JFKからマンハッタンへ向かうタクシーの中で。

JFK空港に着いて、僕の住んでいる(いた?)マンハッタンに向かうのには、いつもイエロータクシーを使う。

タクシーの中から、マンハッタンが近づく。

これを何度いったいしたのだろうか?100回は繰り返しているのだと思う。その度に、いろんな事を感じる、しかもかなり強い思いが湧いてくる。成田空港から都心にも、なんども通ったのだけれどそんな強い感情を持つ事は今までない。なぜかJFKからマンハッタンへの道のりでは、いつでも強い思いを感じるのは、それだけNYという街が強い何かを持っているからだろうか。

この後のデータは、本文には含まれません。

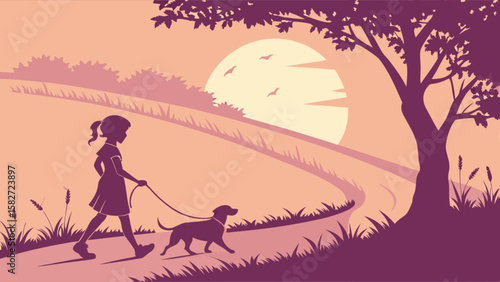 Silhouette girl walking dog in nature landscape at sunset vector illustration background design art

今回の成田からニューヨークのフライトはとても空いていた。5席を一人じめ。こんなことは、2001年のテロ事件の後以来のことだ。海外に脱出したい、あるいはするべき人は、どうも既に日本を出てしまったのだろう。それに旅行という気分になれないこともあって、空いているのだと思う。

いつものように、入国審査員は、アメリカ特有のザックバランな、ちょっとラフで、ちょっと親しげなマナーで、「Welcome Back to US」だ。僕を担当したのは、立派な体格なエクアドル出身のSalasという名の30代の男だった。どうしてそんなことが分かるかって。それは立派な軍服みたいな制服に名札がついていて、そして、僕は なにか大抵は無理矢理にでも話かけたりするからだ。阿呆な僕は、なにかニコニコ話しかけるとスムースに入国させてくれると思っている。でもこんなことで、スムースに事が進むのは、僕の経験では、NYとラテンの国や南の国だけだ。それでも、いつも僕のほうから話しかけるのは、なんかきっと自分にやましい気持ちが湧いてくるからだろう。でも、タイや日本では、声をかける余裕も見せてくれない。

大きなスーツケースが二つに、小さなラゲッジがひとつに、バックパック。度慣れているはずなのに、いつも荷物が多い。ラゲッジが出てくるところでは、隣は、セイント・マーティンから、その隣は、ジャマイカからのフライトだった。お客たちは日焼けしていて、暢気な帽子をかぶっていたり、半ズボンや、スリーブレスだったり。なんか今回の緊迫した東京から来たら、ホッとさせられた。地球全体では普通に動いているんだなあと感じた。

とにかくスムースに入国して、イエローキャブに乗る。大抵のタクシードライバーは、話好きだ。僕が東京から来たと知ったら、勿論今回の地震と津波のことをいろいろ聞いてきた。それに原発のこと。タクシードライバーは、大抵移民だ。英語にも訛りがあるのが普通。彼はエジプト人だった。こうなると勿論、今回の革命から9月に予定されている選挙のことなどについて、僕が聞くことになる。

今年の世界情勢は、いろいろ大変だ。そういうことを肌で感じる、そういう街がNYだ。

今回のタクシードライバーはエジプト人だった。

夕食は古くからの友人とソーホーで食べる。やはり地震と津波、そして原発のことが話題になる。原発の今後の状況で、日本の信頼は大きく左右されるのは確実だ。それよりも、やはり一人一人の命がどのくらい大切にするのかが、僕らに問われている。僕が一ヶ月後には東京にもどると言うと、それは自殺行為だと、彼らは言う。でも、僕は戻るつもりだ。ここに居る間に、別の見方から考えることができると思っている。